Source for v2 (mobile inference engine)

SJTU-IPADS / PowerInfer

High-speed Large Language Model Serving on PCs with Consumer-grade GPUs

MIT License

7.9k stars 406 forks source link

Source for v2 (mobile inference engine) #194

Open peeteeman opened 3 months ago

peeteeman commented 3 months ago

Hello there!

I came across the v2 paper yesterday, and saw the updates on the project readme.

I am interested in porting the v2 framework to iOS. The goal is to complete a naive port at first, and then include metal shaders.

Any plans on releasing the source and instructions for running v2 on Android?

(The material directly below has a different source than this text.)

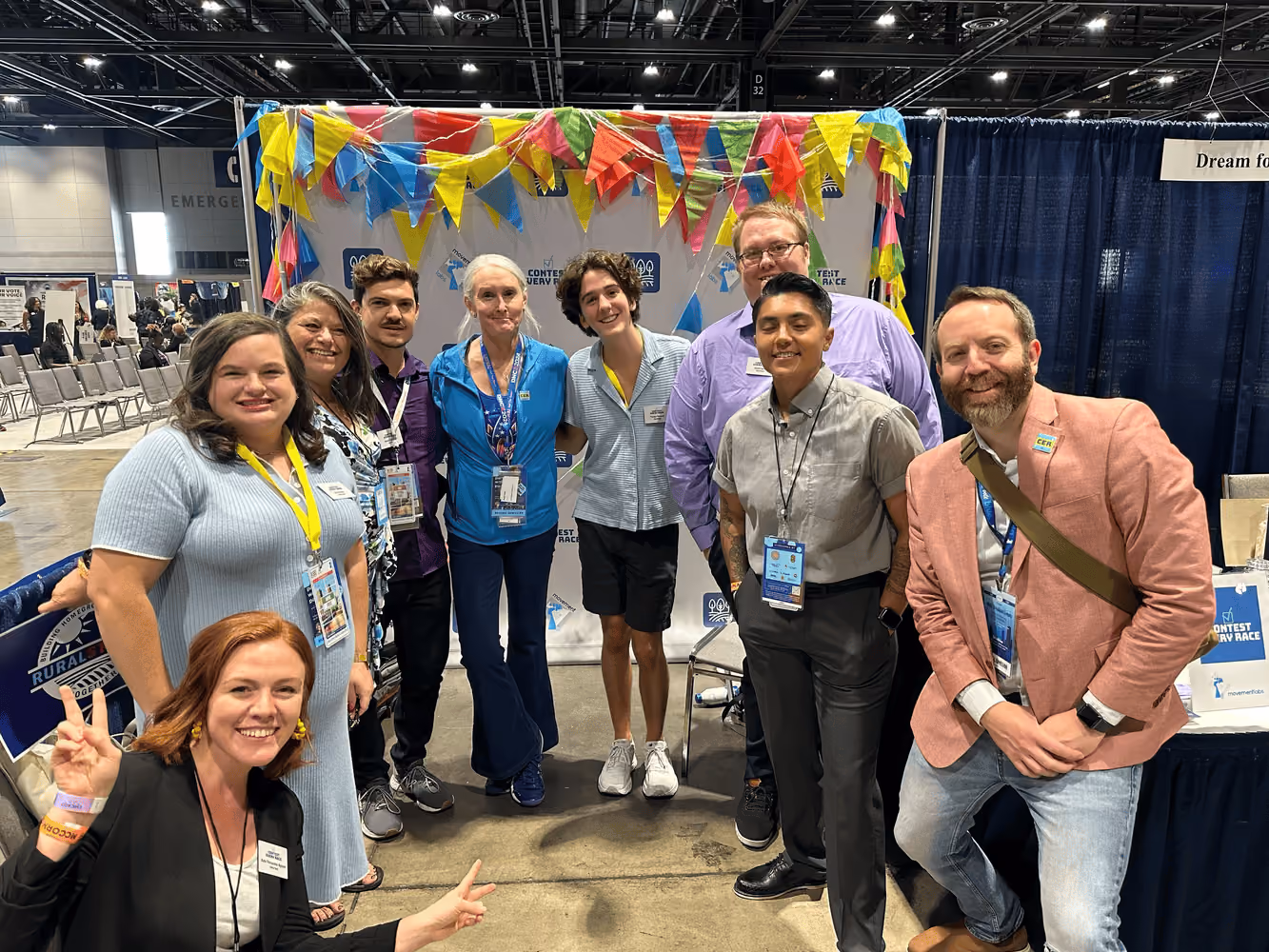 Staff from Contest Every Race wear lanyards and stand in a semi-circle in front of a booth at a conference during the Democratic National Convention.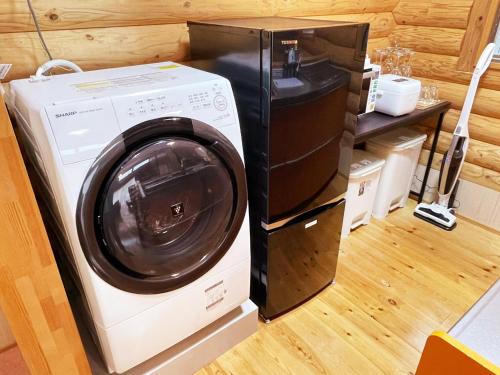 a washer and dryer sitting next to a microwave at Tabino Hotel Villa Miyakojima in Miyako Island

0wwafa commented 3 months ago

please release PowerInfer-2 so that it can be tested on low resource PCs (like llama.cpp) for a comparison.

YixinSong-e commented 3 months ago

PowerInfer-2 will be open-sourced in the future. We’re refining it to untangle from our testing platform and making it accessible on PCs for the community.

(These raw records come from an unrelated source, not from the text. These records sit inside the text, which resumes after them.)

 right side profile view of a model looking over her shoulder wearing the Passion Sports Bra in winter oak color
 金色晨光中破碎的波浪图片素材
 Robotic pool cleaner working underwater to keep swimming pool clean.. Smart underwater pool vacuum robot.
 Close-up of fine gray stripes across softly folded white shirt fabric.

sqzhang-jeremy commented 3 months ago

Can't wait to test your amazing work!

0wwafa commented 3 months ago

Can't wait to test your amazing work!

same here! I wish to test it on low resource pc with no gpu or an old and small one.

UUSR commented 3 months ago

This is fantastic!, on my old smartphone with 6 Gb of memory the Meta-Llama-3-8B-Instruct-Q4_K_M.gguf model ran, I hope for v2 in the near future.

Stephen888888 commented 3 months ago

when can i use it on anroid phone ?

ethanc8 commented 3 months ago

PowerInfer-2 will be open-sourced in the future. We’re refining it to untangle from our testing platform and making it accessible on PCs for the community.

Is it possible you could release the testing platform and the code entangled with the testing platform, so that the reported results can be reproduced?